Here’s a post I’ve been meaning to write for some time. I’m coming up on the one year anniversary of my old windows greenhouse build at Terrain VagueNo. 1 (and 2 year anniversary of having the lot) and I realized I never shared this project on the blog. I’m still not done with her, but I thought I’d catch up with a post about her birth and her first year. My hope is to do more greenhouse update posts this year. Well, actually my hope is I’ll get her finished soon.

Building a greenhouse from old windows has been on my to-do list for decades. In my old life (pre-divorce), I saved a barn full of beautiful, old oak windows which, sadly, I wasn’t able to retrieve. So, around the time I got the TVNo1, I started scavenging windows from the curb or cheap from the Habitat Restore. I stored them until the day I finally decided I had enough to the job (I ended up with way more than I needed).


Next, I selected a site and prepped it for the build. And that’s when procrastination set in...again. See, I have rudimentary building skills and I had no idea where to start. I watched some videos on building greenhouses from windows and some on building sheds, but I struggled with confidence. I just couldn’t get the courage to begin. This is where my then new boyfriend stepped in and said, “Let’s just do it!” 

And, with that, we framed it in together using my vision and that was the push I needed to do the rest myself. And, the relationship with my poor guy survived our first project together!




It took me over a month to get it to a point I could use it. It also wasn’t cheap, however, it was far less than a new build would have cost, mainly spending for wood, greenhouse roof panels and screws. I also can’t say it was easy; I had issues ranging from cuts and bruises, shitty screws, broken windows and rain...so much rain! I used my living room as a wood shop (lacking a garage or electricity at the lot) and I had wood dust everywhere. 

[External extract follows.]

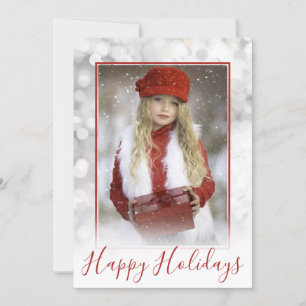 Christmas Custom Photo Silver Red Bokeh Borders Holiday Card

And, fortunately, there were many elements I did find on the frugality side, such as a can of exterior paint in grey for $9. I found a lovely vintage louvre door that made up part of the north wall for $12 at a local Salvation Army. The door was so heavy I nearly couldn’t get it in, but my 13 year old son helped. It allows for perfect summer venting. I also found some glass bricks at Restore for around $2 each and I used red bricks left behind from the old house that sat on Terrain Vague for flooring. I even found an eclectic “Y B Normal?” Sign that fit a gap perfectly.






This greenhouse has been a labor of love and I can truly say I really enjoy spending time there. The other day I was watering some overwintering fig trees I have stored inside her and I noticed it was 76 F whilst it was just 48 F outside. It doesn’t quite warm up at night or on an overcast day just yet because I still need to finish the top part and fully enclose it for winter. We are Zone 7a and probably micro-climatic in this urban environment to 7b, so it’s usefulness is between  November to April and this year I’m going to try more seed starting there. I wasn’t organized enough to try cool crops this year, so I have  autumn plans too.

Well, this is just a quick update so I can now bring the greenhouse into some future posts. Here’s a bit of timeline of the build. 

















I still have a way to go on her, but I love this space and love spending time there. Building a greenhouse mostly alone was a great achievement and a jump out of my comfort zone. I can’t say I’ve learned to be a carpenter, but I did learn I can accomplish my dreams if I just get out and do it. Who cares if there are mistakes and imperfections? To me, it’s perfectly mine.